In reporting its third quarter financial results, HSBC Holdings plc (NYSE:HBC) (ADR) announced that it was reserving an additional $800 million in relation to ongoing U.S. anti‐money laundering, Bank Secrecy Act and Office of Foreign Assets Control investigations. The Office of Foreign Assets Control (OFAC) investigation relates to transactions involving Iranian and other parties subject to OFAC economic sanctions.
This brings the total amount reserved to $1.5 billion, and it is feared actual financial losses could be significantly higher and also that criminal charges could be filed.
In a message from Group Chief Executive Stuart Gulliver and a related Interim Management Statement for the third quarter, management noted that they were “actively engaged in discussions with the relevant authorities regarding steps to achieve a resolution, including potential fines, penalties and forfeitures, although no agreement has yet been reached.” The wide discretion U.S. authorities have in resolving such issues, along with other factors discussed below, make it difficult to estimate what the final losses will be.
Another complicating factor is the sheer number of government agencies involved in the investigations.

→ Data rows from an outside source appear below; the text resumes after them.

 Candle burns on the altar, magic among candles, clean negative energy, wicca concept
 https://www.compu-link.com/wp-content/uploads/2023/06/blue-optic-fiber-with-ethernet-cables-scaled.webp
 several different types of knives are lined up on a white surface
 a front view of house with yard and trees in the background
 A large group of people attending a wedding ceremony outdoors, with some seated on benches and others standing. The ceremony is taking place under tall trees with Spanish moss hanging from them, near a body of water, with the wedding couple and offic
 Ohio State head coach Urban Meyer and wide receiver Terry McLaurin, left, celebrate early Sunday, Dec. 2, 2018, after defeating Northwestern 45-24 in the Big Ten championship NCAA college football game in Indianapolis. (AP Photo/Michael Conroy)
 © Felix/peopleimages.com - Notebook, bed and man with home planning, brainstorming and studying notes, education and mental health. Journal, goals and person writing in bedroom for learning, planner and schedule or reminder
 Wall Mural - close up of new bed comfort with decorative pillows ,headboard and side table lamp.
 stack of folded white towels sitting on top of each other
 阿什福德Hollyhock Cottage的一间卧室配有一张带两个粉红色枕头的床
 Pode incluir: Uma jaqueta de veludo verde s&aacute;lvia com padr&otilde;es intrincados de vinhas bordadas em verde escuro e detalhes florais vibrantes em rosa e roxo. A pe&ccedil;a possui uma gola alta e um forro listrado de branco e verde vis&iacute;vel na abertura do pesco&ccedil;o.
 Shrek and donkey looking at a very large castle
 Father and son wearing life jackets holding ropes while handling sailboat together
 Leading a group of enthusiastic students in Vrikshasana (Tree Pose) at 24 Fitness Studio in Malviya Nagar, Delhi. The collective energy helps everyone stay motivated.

In addition to the OFAC, the U.S. Department of Justice, the Federal Reserve, the Office of the Comptroller of the Currency, the US Department of Treasury’s Financial Crimes Enforcement Network and the New York County District Attorney’s Office are involved. Each assesses its own penalties and “amounts paid to one agency may or may not be offset against or otherwise taken into account in determining amounts payable to other agencies.”
All these factors introduce a high degree of uncertainty to any attempts to estimate the final costs for HSBC.